BEGIN

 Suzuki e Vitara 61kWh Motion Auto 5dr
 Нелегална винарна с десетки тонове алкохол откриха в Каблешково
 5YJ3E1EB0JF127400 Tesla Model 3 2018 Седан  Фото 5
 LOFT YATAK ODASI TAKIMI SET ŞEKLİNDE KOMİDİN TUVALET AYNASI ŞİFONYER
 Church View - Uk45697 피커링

END
BEGIN

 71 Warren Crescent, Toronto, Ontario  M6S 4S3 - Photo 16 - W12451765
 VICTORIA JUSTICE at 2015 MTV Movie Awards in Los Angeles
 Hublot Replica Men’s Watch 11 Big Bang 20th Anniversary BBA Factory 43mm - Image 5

END

What you should do —
Would you please copy exactly the part of the entries above that begins at the line containing "Suzuki e Vitara 61kWh Motion Auto 5dr" and ends at the line containing "Church View - Uk45697 피커링", both lines included?

Answer box —
 Suzuki e Vitara 61kWh Motion Auto 5dr
 Нелегална винарна с десетки тонове алкохол откриха в Каблешково
 5YJ3E1EB0JF127400 Tesla Model 3 2018 Седан  Фото 5
 LOFT YATAK ODASI TAKIMI SET ŞEKLİNDE KOMİDİN TUVALET AYNASI ŞİFONYER
 Church View - Uk45697 피커링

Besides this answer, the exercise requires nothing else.